Connaissez-vous le mot «ostracisme»? L’ostracisme consiste à exclure une personne d’un groupe, de la société. C’est ce qui arrive à Cosmo. Il ne va pas pouvoir rester dans son école car il n’a aucun don, il est absolument normal.

À la puberté, le corps se transforme. Mais chez Cosmo, rien ne se passe. Tous les autres élèves ont au minimum un pouvoir qui se révèle à l’adolescence: une vue laser, la force de soulever un bus avec un seul pouce, de lancer du feu… Cosmo, lui, découvre qu’il est… sympa et ça, c’est impossible à valoriser. Il est confié au Centre «Nouvel horizon»…

«L’idée de départ, c’est l’idée du garçon du fond de la classe, explique Kid Toussaint, le scénariste. J’avais envie de lui dire: ‘T’es pas fort en sport, t’es pas extraordinaire dans tes notes non plus. Tu crois peut-être que tu ne vaux rien mais tu vaux quelque chose.’ Tout scénariste écrit sur son époque ou ce qu’il connaît. On peut le placer dans un monde d’heroïc fantasy, futuriste ou autre, ça ne change rien.»

Ce garçon, c’est vous?

«Peut-être. C’est aussi tous les lecteurs que je rencontre. Quand je les écoute, ils parlent souvent de se comparer aux autres. Habituellement, quand on crée ce genre de récit en BD ou ailleurs, on présente un vilain petit canard. Mais il y a toujours un moment où l’on découvre qu’il a une force que l’on ne soupçonnait pas. Je n’ai pas voulu cela cette fois-ci.

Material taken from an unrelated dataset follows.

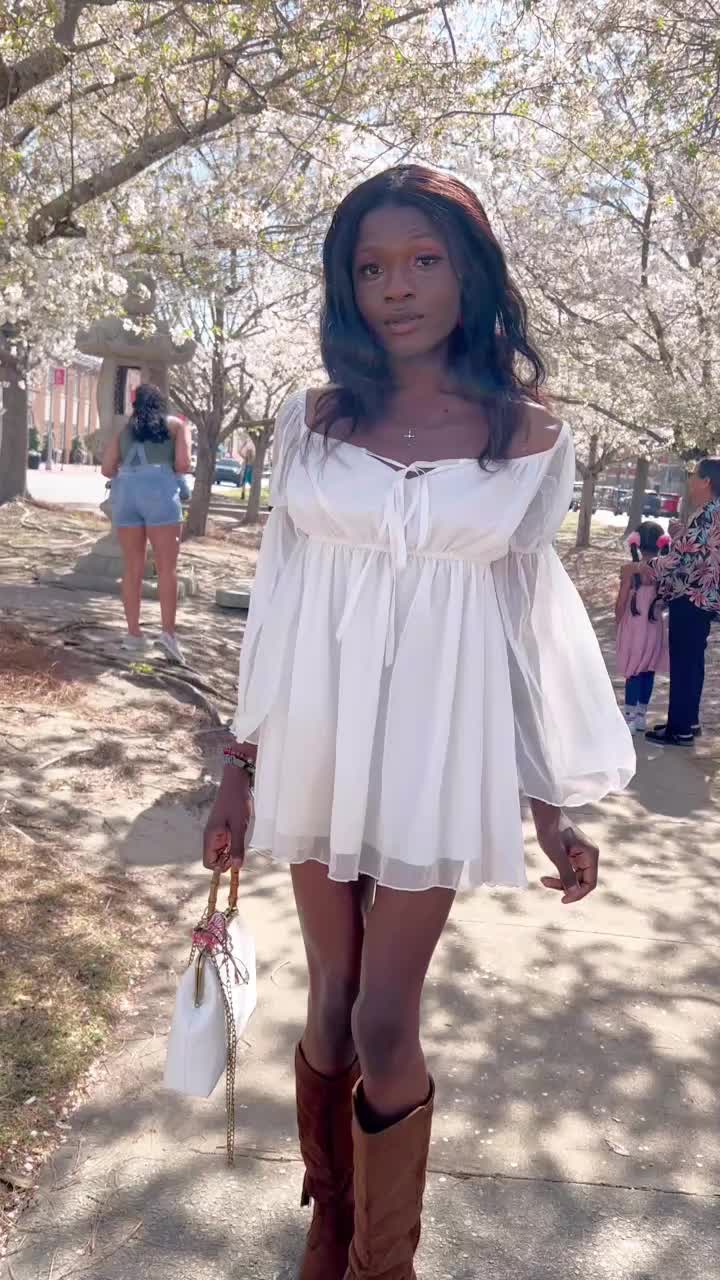 @Bluné Azari Nyengo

C’est trop facile de dire à un enfant qui peine: ‘Tu trouveras ta discipline à un moment donné’. Ce n’est pas obligatoire d’avoir un domaine dans lequel on est très fort. On peut être moyen en tout, ce n’est pas grave. On ne devient pas ami avec quelqu’un parce qu’il est fort dans une matière. On devient copain car on trouve l’autre sympa.»

Dans cette histoire, pourquoi les adultes ne regardent-ils pas les jeunes?

«On est dans un monde de surinformation. On a plein de manuels pour éduquer les enfants et au lieu de les écouter, on applique ce que l’on dit qu’il faut faire. On voit bien que la maman de Cosmo cherche le meilleur pour lui mais, à aucun moment, elle ne lui pose la question. Pareil pour le directeur qui dit: ‘Il faut le réorienter, ce garçon’ mais il n’interroge pas Cosmo. Même la sœur de Cosmo ne le calcule pas, elle ne fait pas attention à lui.»

On dit à Cosmo qu’il doit avoir un nouvel horizon mais ce n’est qu’illusion (une apparence trompeuse). Dans cet univers, il y a de la pression et de la peur, non?

«Oui, ça parle de cette espèce de pression que l’on met éternellement sur les jeunes. On parle souvent d’écologie mais c’est aussi une pression qu’on leur met sans arrêt en leur disant: ‘Vous ferez mieux que nous!’ Ce n’est pas juste. Ils devraient donc à nouveau performer là aussi?»

Les adultes vont jusqu’à dire à Cosmo que même si son talent se développe, et qu’il travaille dur, ce ne sera pas suffisant. C’est désespérant, ça, non?

«On a parfois un prof qui ne voit rien en nous. J’ai fait des études de journalisme alors que mon professeur de français m’avait découragé de le faire. Il m’avait dit: ‘Tu ne te dirigerais pas vers les maths?’ Or, j’étais très nul en maths! Je m’étais dit: ‘Pff, ça veut dire qu’il ne voit rien en moi, pas d’avenir!’ C’est vraiment la question de l’élève du fond de la classe.»

Cette BD est colorée, pleine d’idées amusantes car les personnages ont des dons et des allures originaux.

«Le public des enfants est exigeant. Il lit et relit chaque détail d’un album donc je peux dire beaucoup plus de choses que pour les albums destinés aux adultes. Je sais que les enfants font attention. Par contre, je dois veiller à ce que cela soit amusant et qu’il y ait de la diversité pour qu’ils puissent se reconnaître dans les personnages. Il faut donc de la nouveauté, des trouvailles visuelles, mais ça n’empêche pas d’avoir un propos dur s’il le faut car je sais qu’ils le comprendront. »

Au final, cet album délivre un beau message de tolérance (acceptation de l’autre comme il est).